You can increase the working memory size in `invokeai.yaml` to prevent OOMs:

```yaml
# The default is 3GB - bump it up to 4GB to prevent OOMs.
device_working_mem_gb: 4
```

!!! tip "Operations may request more working memory"

    For some operations, we can determine VRAM requirements in advance and allocate additional working memory to prevent OOMs.

    VAE decoding is one such operation. This operation converts the generation process's output into an image. For large image outputs, this might use more than the default working memory size of 3GB.

    During this decoding step, Invoke calculates how much VRAM will be required to decode and requests that much VRAM from the model manager. If the amount exceeds the working memory size, the model manager will offload cached model layers from VRAM until there's enough VRAM to decode.

    Once decoding completes, the model manager "reclaims" the extra VRAM allocated as working memory for future model loading operations.

### Keeping a RAM weight copy

Invoke has the option of keeping a RAM copy of all model weights, even when they are loaded onto the GPU. This optimization is _on_ by default, and enables faster model switching and LoRA patching. Disabling this feature will reduce the average RAM load while running Invoke (peak RAM likely won't change), at the cost of slower model switching and LoRA patching. If you have limited RAM, you can disable this optimization:

```yaml
# Set to false to reduce the average RAM usage at the cost of slower model switching and LoRA patching.
keep_ram_copy_of_weights: false
```

### Disabling Nvidia sysmem fallback (Windows only)

On Windows, Nvidia GPUs are able to use system RAM when their VRAM fills up via **sysmem fallback**. While it sounds like a good idea on the surface, in practice it causes massive slowdowns during generation.

It is strongly suggested to disable this feature:

- Open the **NVIDIA Control Panel** app.
- Expand **3D Settings** on the left panel.
- Click **Manage 3D Settings** in the left panel.
- Find **CUDA - Sysmem Fallback Policy** in the right panel and set it to **Prefer No Sysmem Fallback**.

![cuda-sysmem-fallback](./cuda-sysmem-fallback.png)

!!! tip "Invoke does the same thing, but better"

    If the sysmem fallback feature sounds familiar, that's because Invoke's partial model loading strategy is conceptually very similar - use VRAM when there's room, else fall back to RAM.

    Unfortunately, the Nvidia implementation is not optimized for applications like Invoke and does more harm than good.

## Troubleshooting

### Windows page file

Invoke has high virtual memory (a.k.a. 'committed memory') requirements. This can cause issues on Windows if the page file size limits are hit. (See this issue for the technical details on why this happens: https://github.com/invoke-ai/InvokeAI/issues/7563).

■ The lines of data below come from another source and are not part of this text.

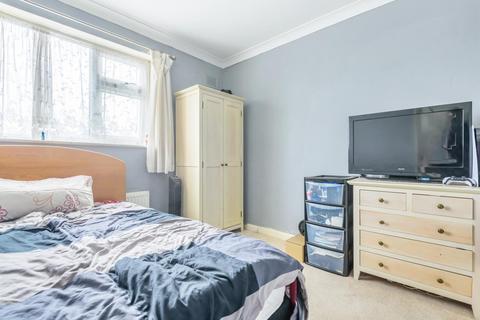 293 Bromley Road, Catford, London, SE6 2RH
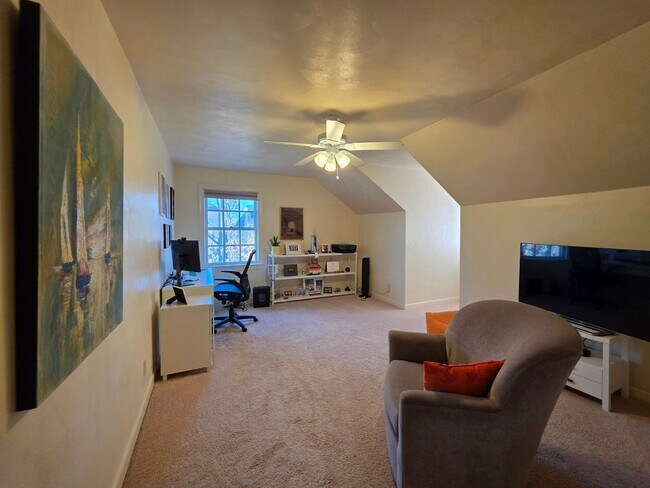 Building Photo - Ghent Square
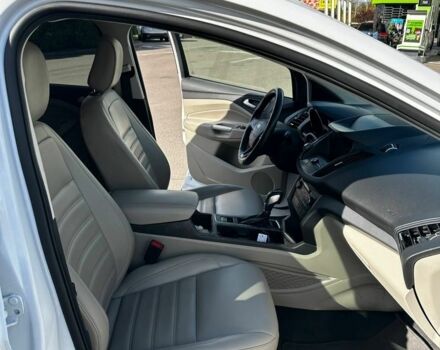 Белый Форд Эскейп, объемом двигателя 1.5 л и пробегом 101 тыс. км за 290 $, фото 6 на Automoto.ua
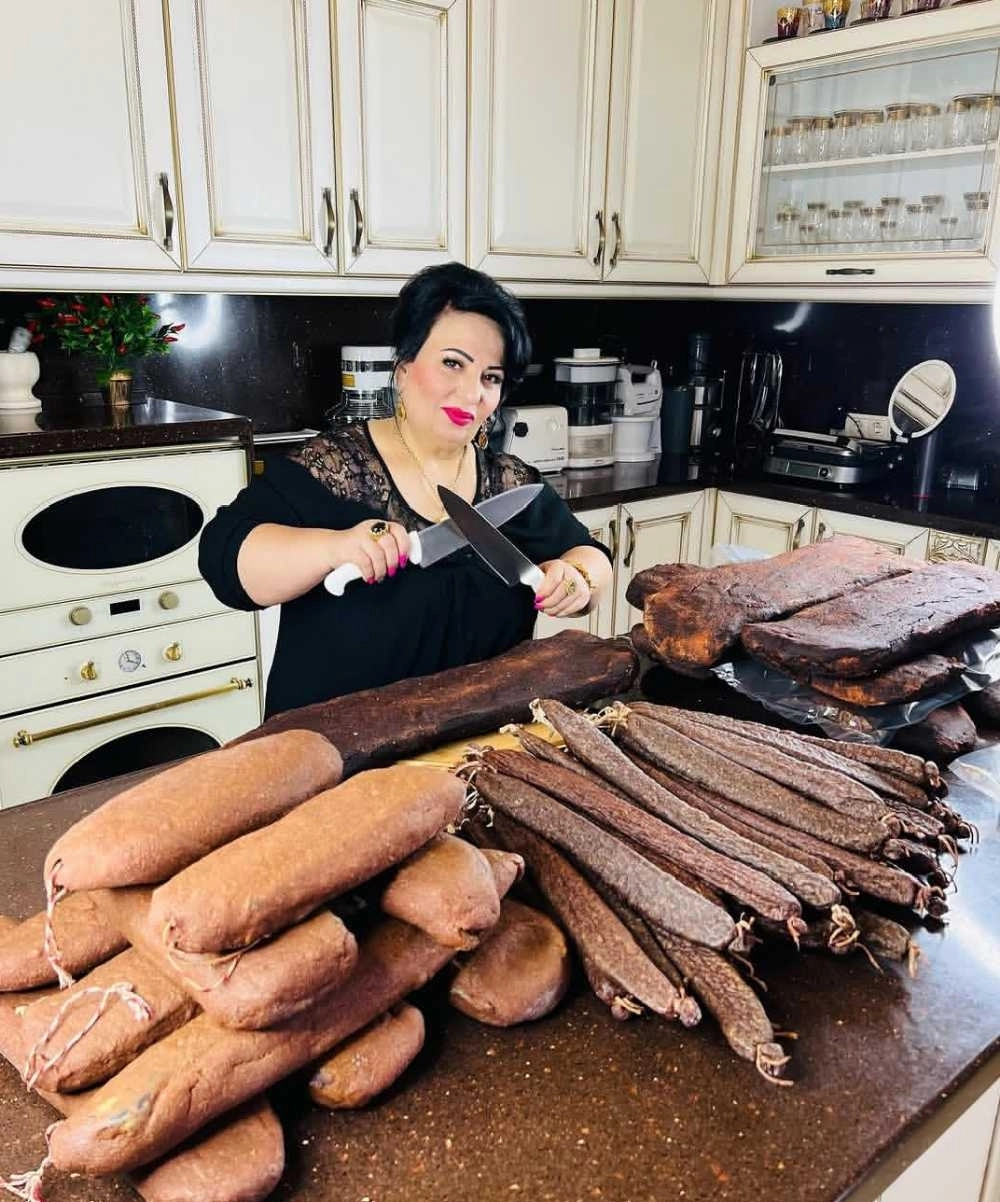 Аруся обаяла аудиторию своими хлебосольными заготовками и сильной женской энергетикой.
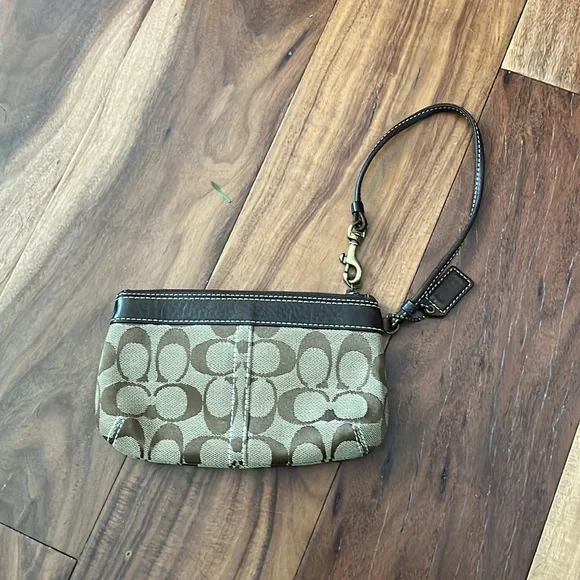 Coach Wristlet - Picture 2 of 4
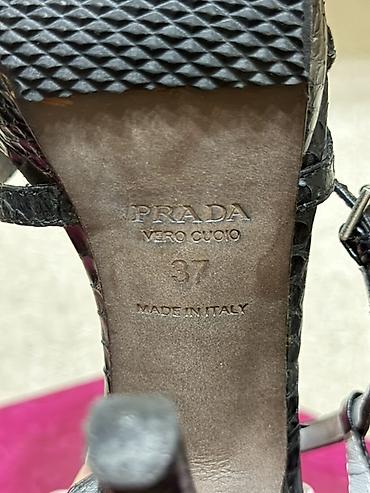 Личные вещи: Босоножки, 37, Prada, Б/у, цвет - Черный — 3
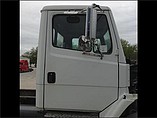 FREIGHTLINER FL70 Photo #4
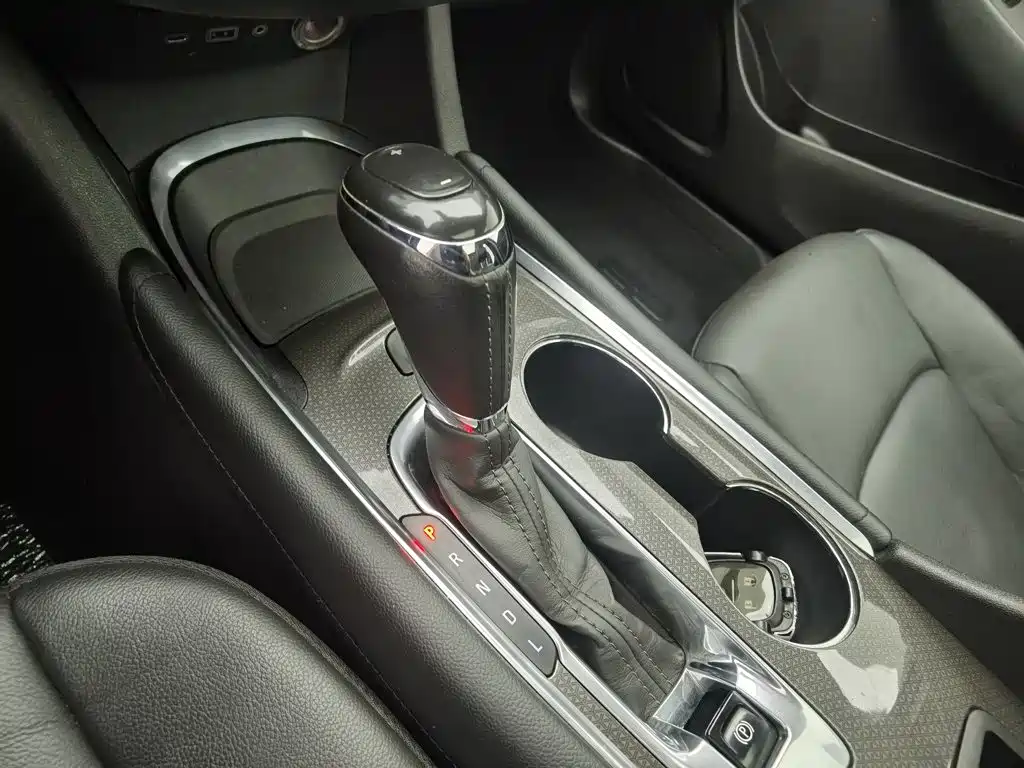 Chevrolet Malibu XL — миниатюра 13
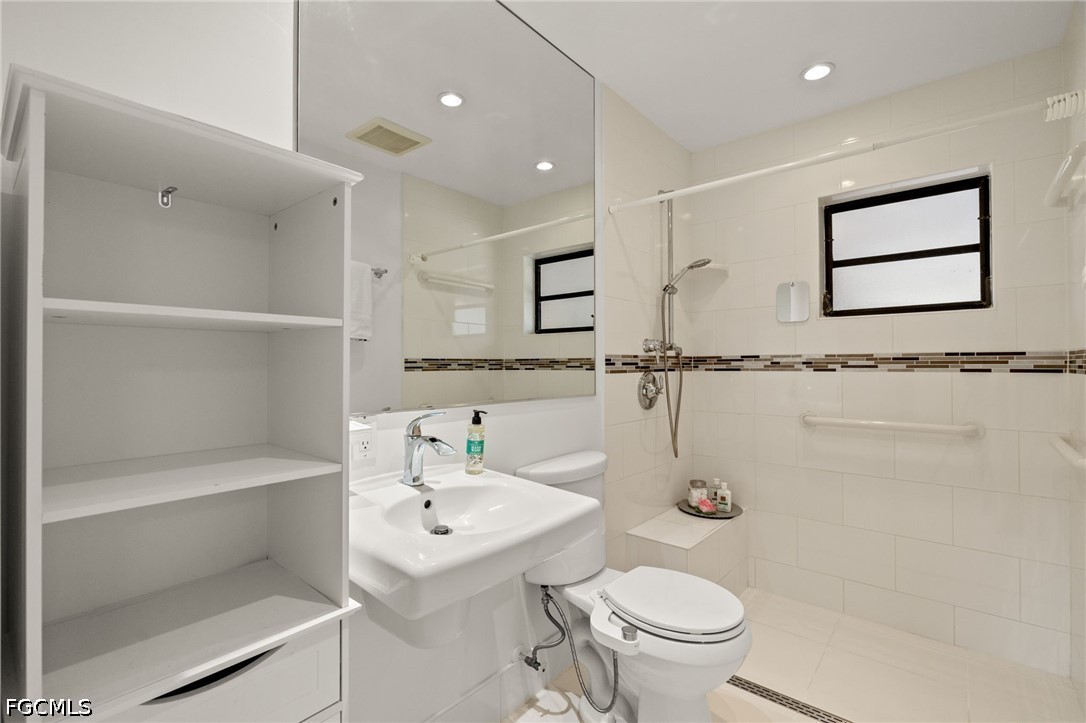 3 Bed SingleFamilyResidence for Sale in Fort Myers, photo 31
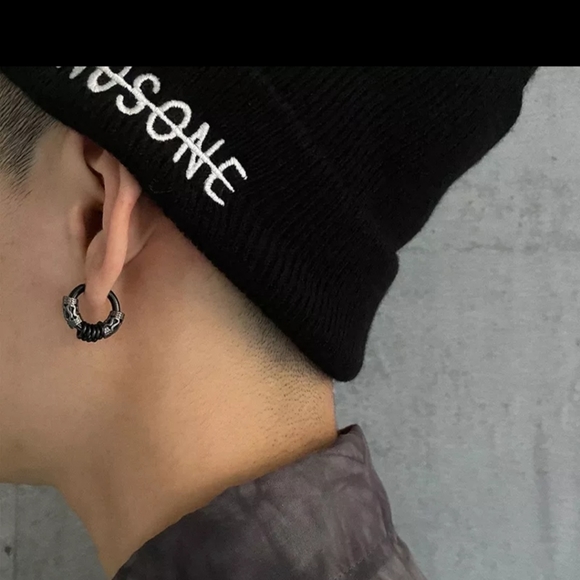 1 Piece Hoop Mens Earrings Small Circle Hip Hop - Picture 8 of 13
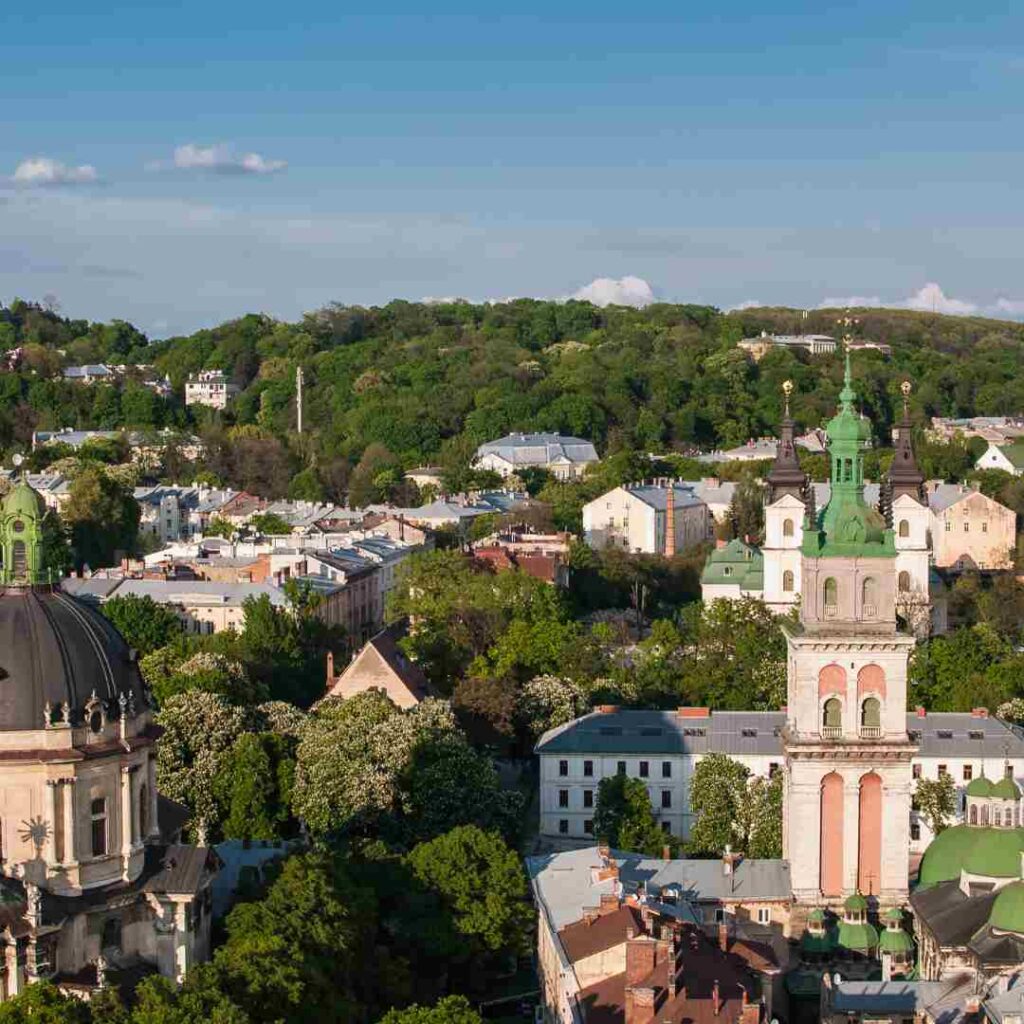 co warto zobaczy ć w bieszczadach lwów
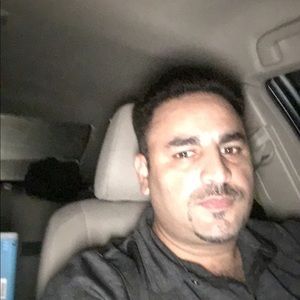 Meet your Posher, Khurram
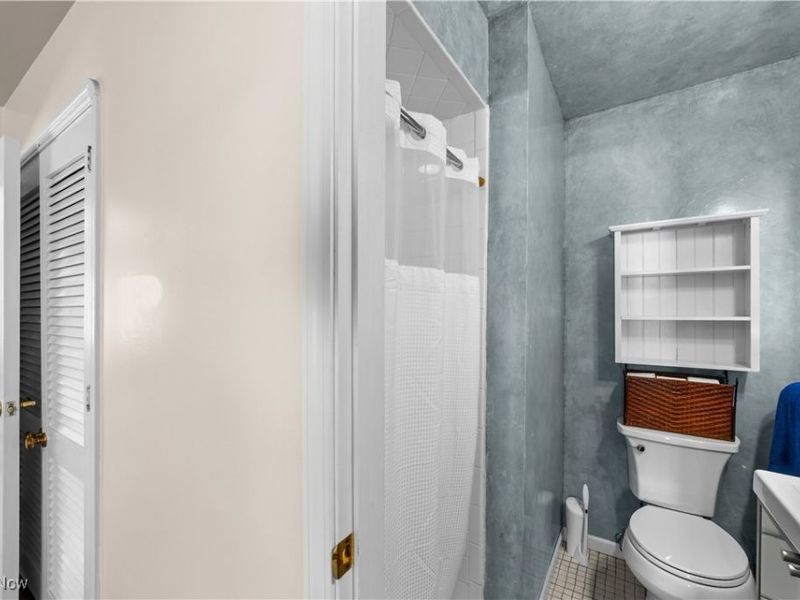 250 Schocalog Road, Akron, OH 44313 Photo 33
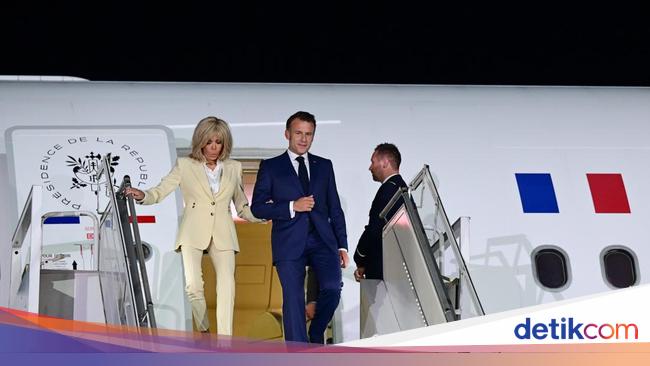 Momen Presiden Macron dan Istri Gandengan Turun dari Pesawat Saat Tiba di RI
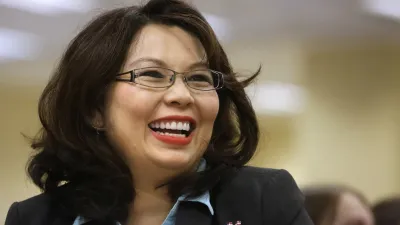 曾是拜登國防部長人選之一的泰裔聯邦參議員達克沃斯(Tammy Duckworth)(資料照,AP)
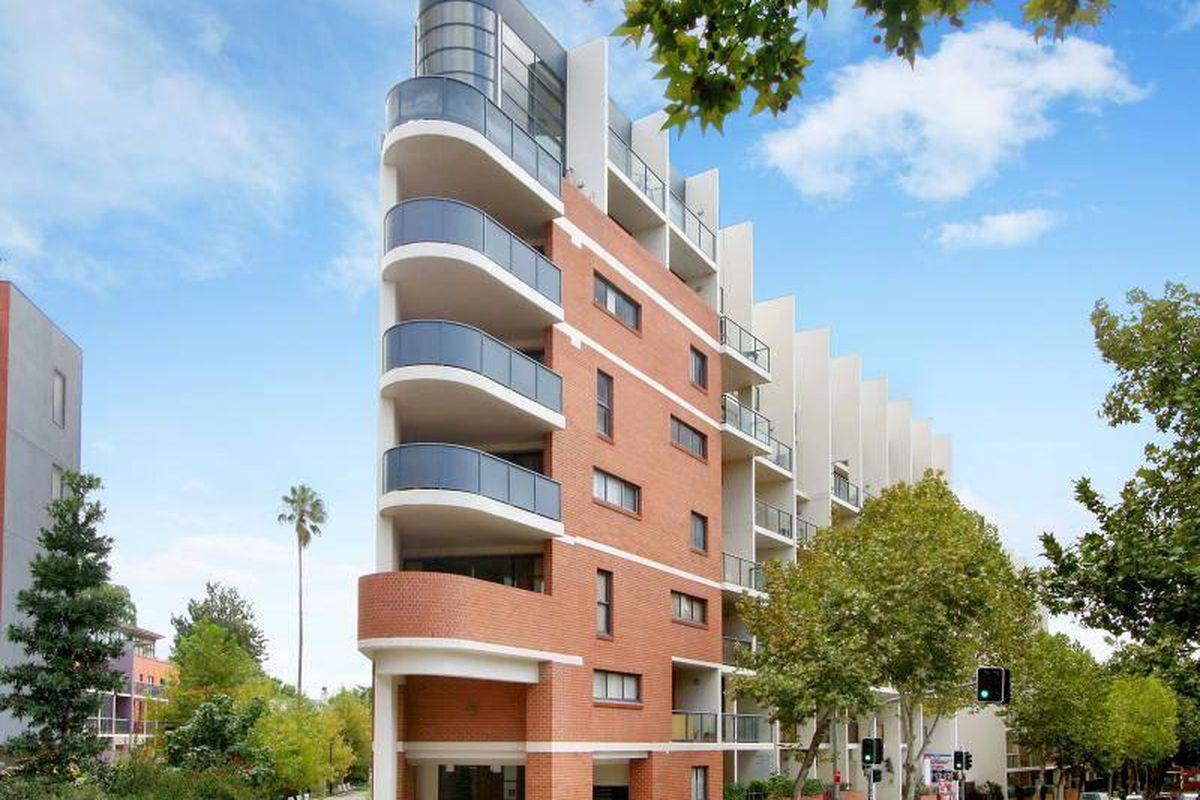 302E / 138 Carillon Avenue, Newtown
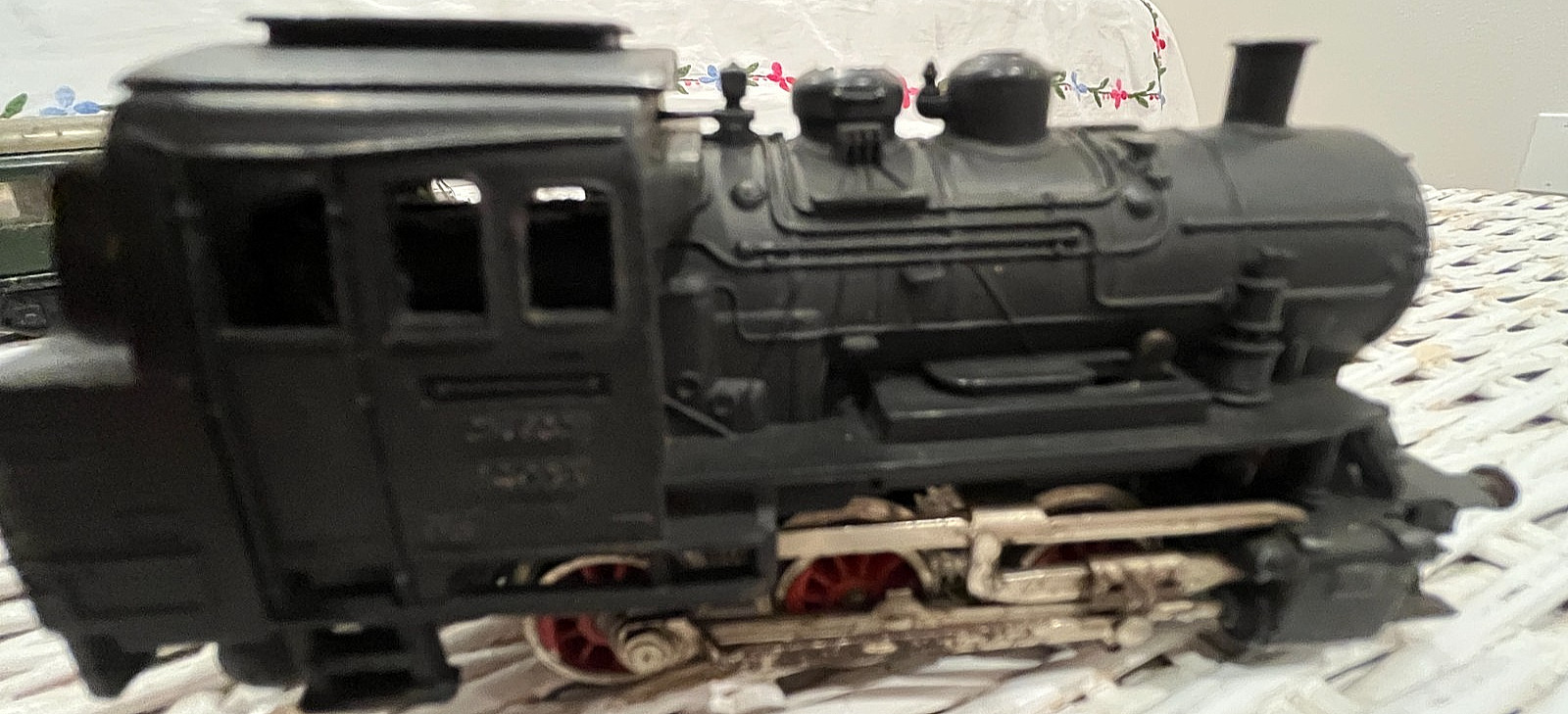 Märklin H0 Steam Locomotive #89005 Train Set + Cars, Track, Transformer, & Accs.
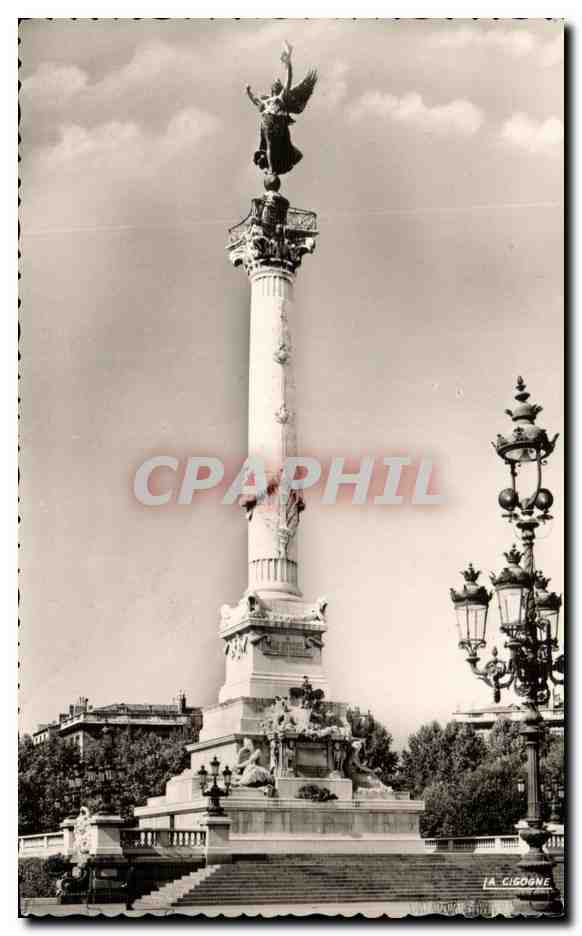 CPSM Bordeaux Le Monument des Girondins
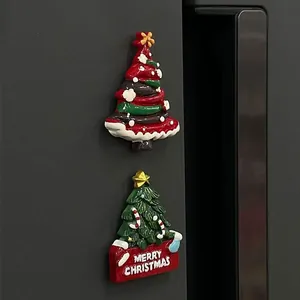Nahaufnahme von 3D-Harz-Weihnachtsbaum-Kühlschrankmagneten mit Frohe Weihnachten Schild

If you run out of page file space, InvokeAI may crash. Often, these crashes will happen with one of the following errors:

- InvokeAI exits with Windows error code `3221225477`
- InvokeAI crashes without an error, but `eventvwr.msc` reveals an error with code `0xc0000005` (the hex equivalent of `3221225477`)

If you are running out of page file space, try the following solutions:

- Make sure that you have sufficient disk space for the page file to grow. Watch your disk usage as Invoke runs. If it climbs near 100% leading up to the crash, then this is very likely the source of the issue. Clear out some disk space to resolve the issue.
- Make sure that your page file is set to "System managed size" (this is the default) rather than a custom size. Under the "System managed size" policy, the page file will grow dynamically as needed.